Seomoz bar: No Follow and Robots.txt
-
Should the Mozbar pickup 'nofollow" links that are handled in robots.txt ?
the robots.tx blocks categories, but is still show as a followed (green) link when using the mozbar.
Thanks!
Holly
ETA: I'm assuming that- disallow: myblog.com/category/ - is comparable to the nofollow tag on catagory?
-
Thank you Cyrus for that great article link. And like that article states near the end, it touches on a common problem for those of us that assume all the info at SeoMoz is accurate even though it may not be current. (not only seomoz to be fair) I've found several instances where even authorities change their mind or google changes is for them?
But anyways, it appears using canonical or meta tags would be the better solution. Unfortunately,neither is possible in Squarespace. I had just about decided to change the robots.txt , get rid of the disallow: /category/ , and call it a day.

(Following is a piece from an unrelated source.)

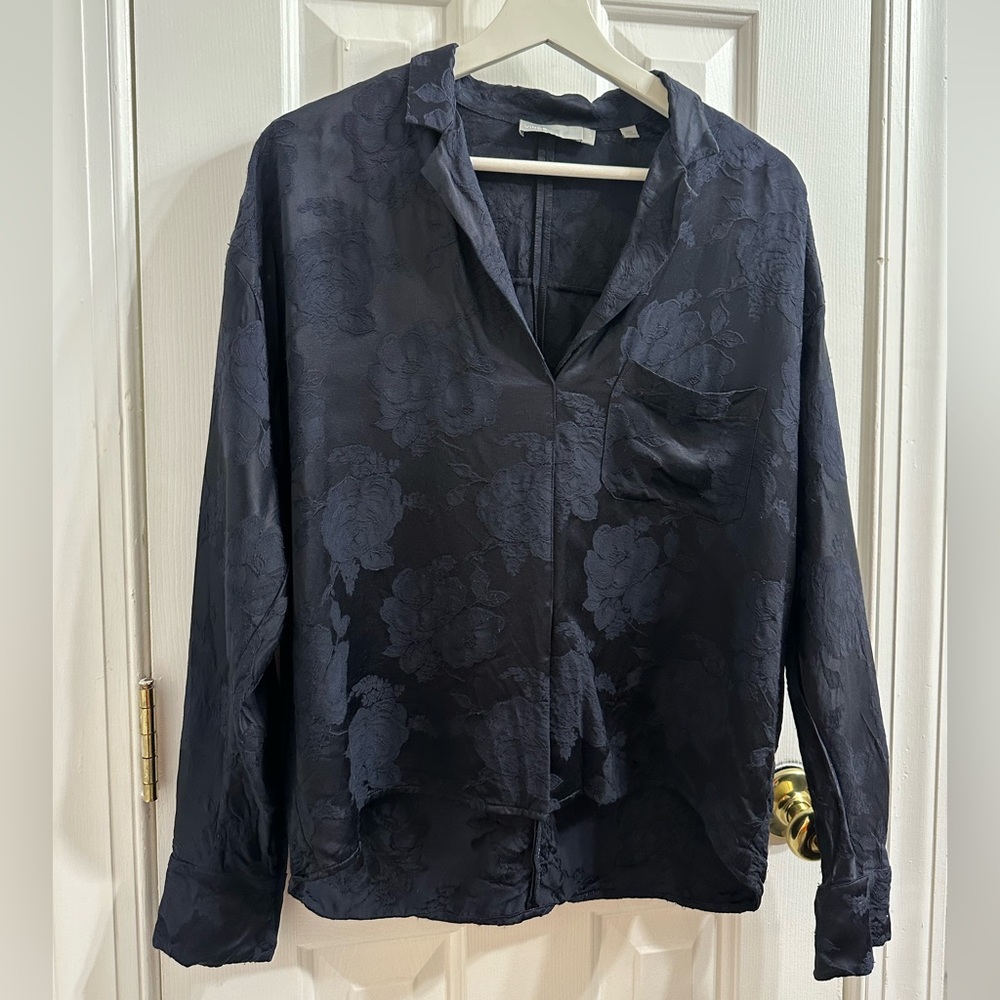 Vince Women’s Work Blouse Navy with Beautiful Floral stitched pattern size Small
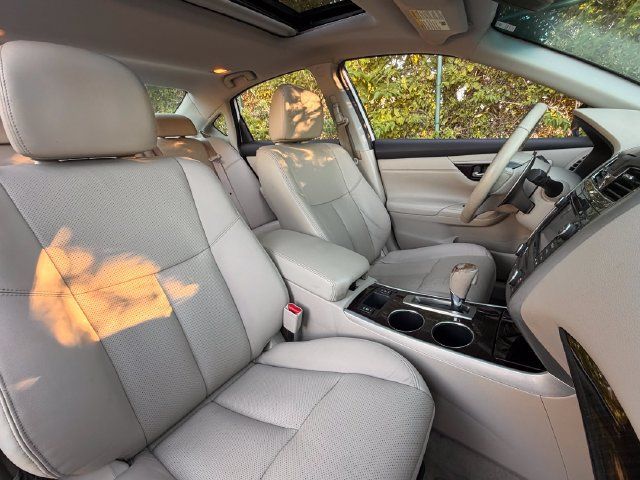 Used 2014 Nissan Altima 3.5 SL w/ Technology Package FWD image 30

But then I found an example where the noindex was used in the robots.txt file of a squarespace website (specializing in SEM among other things). Probably the "longest" robots list I've ever seen!
http://www.hunchfree.com/robots.txt
Would it be a good idea to use noindex, FOLLOW in the robots.txt for /category/
(if that's even possible) or just keep with my "call it a day" solution...at least where robots.txt is concerned.
BTW- I posted a similar question on the reasoning behind the robots.txt for ss websites at the developers forum- nothing but crickets. Unless it's about design, things pretty much drop like a rock. Oh well.
-
As Phil pointed out, blocking a URL with robot.txt may keep search engines from crawling your pages, but that doesn't mean they wont index those pages. The meta robots NOINDEX, FOLLOW tag is a much better choice.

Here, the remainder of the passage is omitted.